WAF as a model provides semantic benefits, but implementation is entirely optional

petersilva commented 2 years ago

the current proposal uses a model of web accessible folders as:

an explanatory model,
a means of providing a trivial implementation
an efficient implementation option.

however: None of the above make the implementation of a WAF mandatory for any node participating in WIS2. It is an easily explained model, that's all.

Nominally, items in the WIS2 network are accessed using two fields:

baseURL ( #82) -- indicating the server and the base of the tree where the WAF begins
relPath ( #80 ) -- the relative path below the base where records are found.
In the various committees, people have agreed that topics are a useful concept, and building a topic hierarchy is a recognized activity being pursued.
Topic are being combined with authentication as a useful organizing principle for access control. That is permissions are being modeled as giving access to subtrees in the topic hierarchy.
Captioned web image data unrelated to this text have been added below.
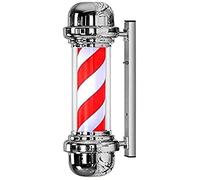 OZBME Light LED Barber Shop Pole Salon Classic Chrome Rotating Red White Strips Waterproof Bright Wall Lamp for Hairdressing Sign (Size : 57 * 19 26cm) ()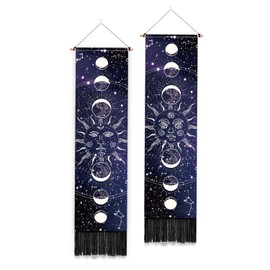 PLIGREAT 2 Pack Starry Sky Moon Phase Pattern Vertical Tapestry with Tassels Dark Blue Aesthetic Wall Hanging for Bedroom Living Room Office Home Decor Long Narrow Art Tapestry, 52" x 13"/130 x 33cm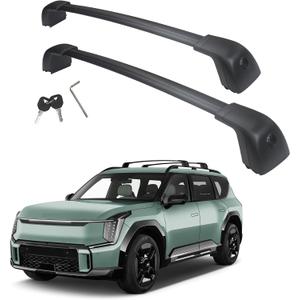 Autekcomma Roof Rack Cross Bars Replacement for KIA EV9 2024 2025 2026 GT-Line (Not for Wind & Land) Limited Aircraft Aluminum Black Matte with Anti-Theft Locks Max Loading Up to 260 LBS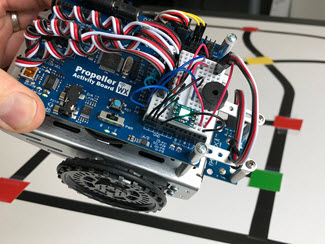 Top angle view of the Activity Board WX with full project circuit installed.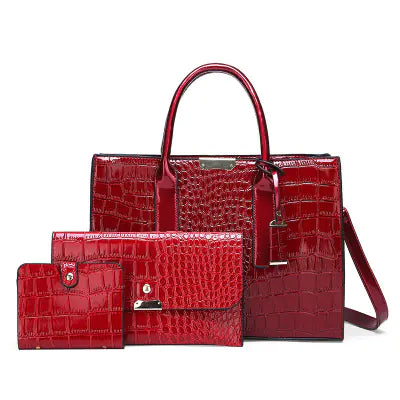 Crocodile Pattern Bag Set with Crossbody Style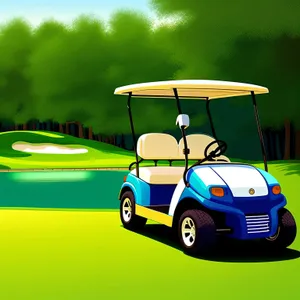 Speeding Golf Cart on Green Course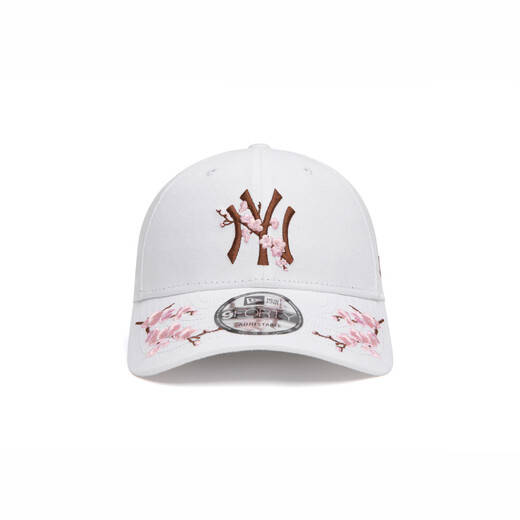 NEW ERA summer MLB NY cherry blossom embroidery trendy brand large label men's and women's hat curved brim baseball hat white S OFM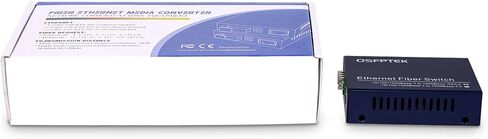 Gigabit Media Converter, QSFPTEK 1.25G Single Mode Dual LC Fiber, 1x 10/100/1000Base-T RJ45 to 1x 1000Base-LX SFP Slot to Ethernet, Versatile Compatibility, up to 20km, AC 100V~240V in Saudi Arabia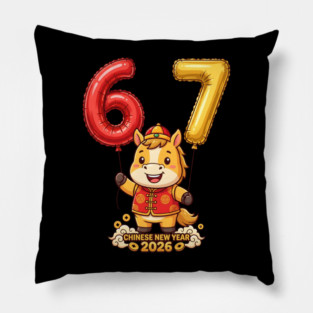 67 Meme Chinese New Year 2026 Year of the Horse Celebration Pillow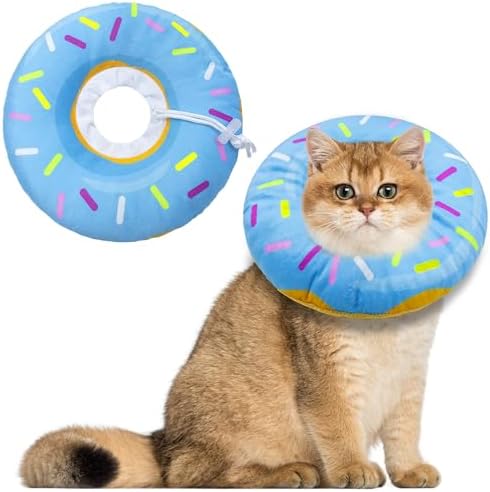 Seyezo Cat Cone Collar Soft, Adjustable Cat Recovery Collars, Donut Blue, M by Seyezo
Topics are semantically identical to file folders.

In order to access a record in any database, it must have an id, or a tag. We have the choice to make the tag relative to the dataset pointed to by the topic, or an absolute generic one. A topic relative id will be able to be much smaller in size than one that has to avoid collision with all possible products in all possible topics.

The relPath, therefore proves a minimal length record identifier for every item in each data collection. One can add additional metadata to the record identifier by making that id a meaningful name, or just have a random hash, but that is a separate discussion.

petersilva commented 2 years ago

An API allows someone (an front end user) to query and access information so long as they know the URL of the API without needing know any individual URIs (pygeoapi is relatively unique in that it generates a URI for each feature). On the other hand, a WAF allows someone (a scientist) direct access to 'physical' files with low overhead when accessing entire datasets or a specific URI. Any contributions to making the data in a WAF more explorable and discoverable is done by adding structure to the WAF. Some scenarios that come to mind:

A wis2box serving the topic hierarchies: data.core.observations-surface-land.mw.FWCL.landFixed and data.core.observations-surface-land.ca.FWCL.landFixed will have all information related to data.core.observations-surface-land... as subdirectories of it in the WAF. The API serves each topic hierarchy as a separate collection with no explicitly defined relationship beyond semantics.

petersilva commented 2 years ago

number that would need to be backed up by some experiments... thinking about big items, like RADAR, satellite imagery, nwp outputs, a raw data item on disk served by a web server consumes orders of magnitude less resources (cpu, memory) than satisfying the same request for the entire data item via an OGC-API request. They are different and complementary needs. if someone wants raw data, then it is orders of magnitude more efficient to provide the raw data than it is to reproduce the raw data via processing through an OGC stack.

That is my feeling... but I have no numbers to back it up. I have 2 servers providing 50 million hits/day of WAF, and an OGC-server that falls over and requires multiple ones at a small fraction of that load. But that is an anecdote.
Anyways. I need to emphasize that implementation of a WAF is easy and I think it is useful, but people are free not to implement WAF, but any proposal that prevents WAF is a real problem for me.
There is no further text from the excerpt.